Genova 02 è (ovviamente) diverso da Genova 01. È passato un anno. La
testimonianza è sempre il cuore centrale dello spettacolo ma non basta più,
è necessaria una nuova interpretazione, politica e artistica, un "senno di
poi". Il testo si arricchisce a mano a mano di nuove testimonianze, di
nuovi punti di vista, un po' vengono da fuori, dai nuovi fatti, dalle nuove
'scoperte' su Genova, e un po' vengono da dentro, dalla partecipazione dei
testimoni che hanno lavorato in Genova 01. In Genova 02 hanno lavorato
Filippo Dini, Antonia Truppo, Simone Gandolfo, Alessia Giuliani, Sara
Bertelà, Iris Fusetti, Laura Benzi, Fausto Paravidino.
Genova 03 è all'inizio del suo viaggio.
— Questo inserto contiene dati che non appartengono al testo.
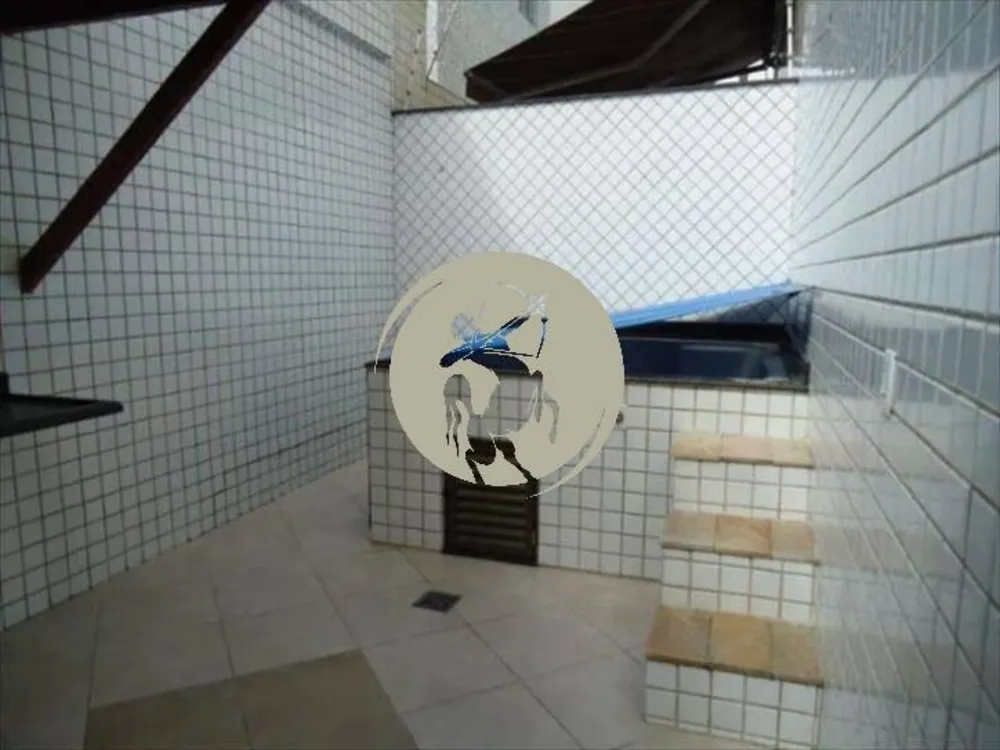 Casa, 3 quartos, 145 m² - Foto 8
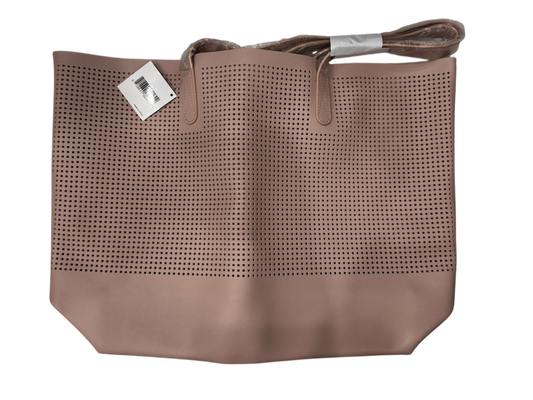 Macys Bolso de Mujer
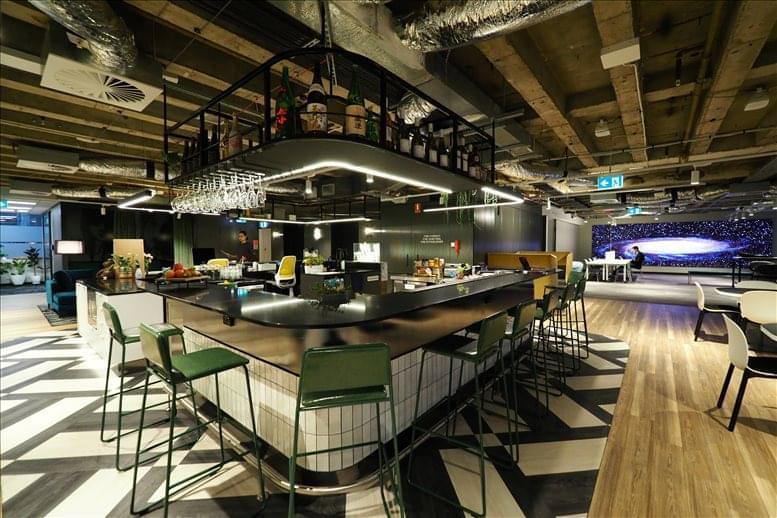 Playground.Work image 2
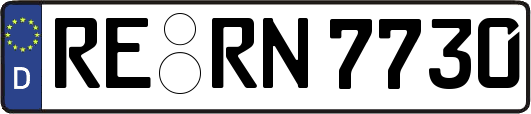 RE-RN7730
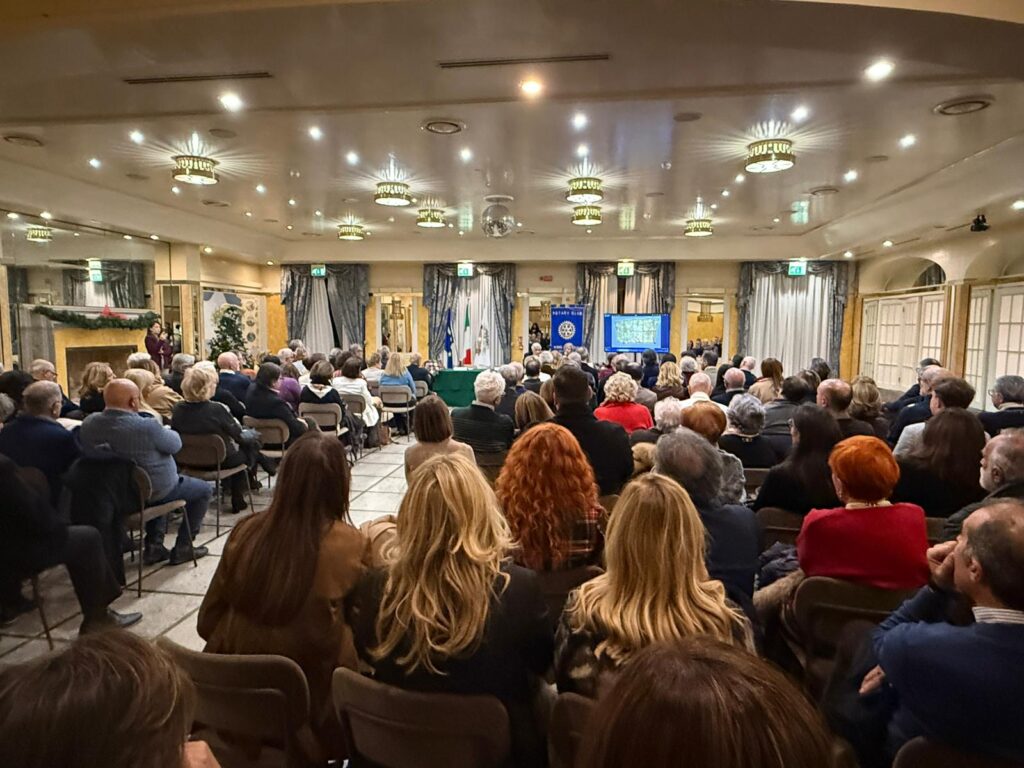 WhatsApp Image 2026 01 07 at 08.37.40 2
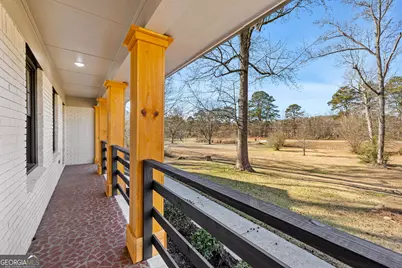 201 Smithstone Path, Fayetteville, GA 30214 - Photo 5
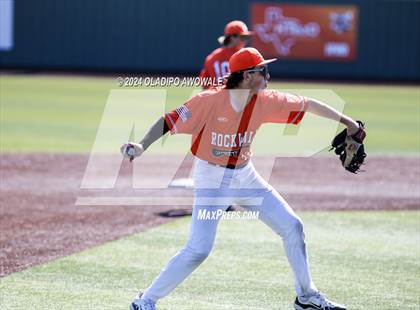 Thumbnail 2 in Rockwall @ Southlake Carroll photogallery.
Si è arricchito dell'esperienza di
Genova 02 ed ha la responsabilità di ricordare il passato e fare il punto
sul presente, sul modo nel quale la repressione continua, sul modo nel
quale il movimento reagisce o non reagisce.
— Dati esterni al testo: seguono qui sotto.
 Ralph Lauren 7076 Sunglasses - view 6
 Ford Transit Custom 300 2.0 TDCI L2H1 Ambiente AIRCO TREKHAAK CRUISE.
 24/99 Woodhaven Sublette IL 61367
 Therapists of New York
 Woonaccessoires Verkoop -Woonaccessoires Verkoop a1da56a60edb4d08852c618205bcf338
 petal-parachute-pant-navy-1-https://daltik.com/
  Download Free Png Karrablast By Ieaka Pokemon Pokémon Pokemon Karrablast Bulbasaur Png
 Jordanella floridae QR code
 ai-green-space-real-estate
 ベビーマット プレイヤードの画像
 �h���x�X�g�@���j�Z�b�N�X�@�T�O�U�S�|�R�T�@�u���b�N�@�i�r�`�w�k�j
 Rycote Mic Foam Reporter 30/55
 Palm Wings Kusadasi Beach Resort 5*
Un paio di coordinate estetiche: metafora e tragedia. Il teatro è il luogo
della metafora, il palcoscenico è la metafora della terra, gli attori sono
la metafora degli uomini, una commedia è una metafora della storia. Di
solito un'idea o un sentimento mi si trasformano in una metafora, una
storia, che diventa una commedia. In Genova 01 non succede perché il G8 a
Genova mi è apparso già in sé come metafora del mondo in questo momento. È
stato un momento di compressione temporale che è avvenuto in un luogo
preciso. Si sono scontrati dei mondi, le persone che erano lì erano
"rappresentanti", rappresentanti del Capitalismo, rappresentanti della
contestazione, rappresentanti della tobin tax, rappresentanti dello Stato,
rappresentanti di se stessi. Ognuno di coloro che si trovavano lì, non si
trovava lì come si trova di solito nei posti: per caso. Si trovava lì per
rappresentare qualcosa. Quindi era una metafora coi suoi personaggi, i suoi
attori, la sua azione. Non si può inventare la metafora della metafora o il
personaggio del personaggio, quindi tutto ciò è 'riferito', non
'interpretato'. Quella di Genova 01 non è una scrittura ma una
trascrizione. Tragedia. Genova è la fine del melodramma e l'inizio della
tragedia. Non nella realtà, nella percezione della realtà. Non di tutti, ma
di molti. C'è chi percepiva la tragedia da prima, c'è che vive ancora in un
melodramma, noi siamo tra quelli che hanno percepito la tragedia con
Genova. Percepire la tragedia vuol dire farla finita con le cazzate,
mettersi nell'ottica di farla finita. Non vuol dire diventare migliori, ma
volerlo sì. La differenza tra la tragedia e il melodramma è che alla fine
della tragedia non cambi canale perché la tragedia sei tu. Continua dentro
di te. Noi facciamo apologia di tragedia, proselitismo tragico, non so se è
reato, spero di no. Se fosse non mi stupirei, si cerca di diventare grandi.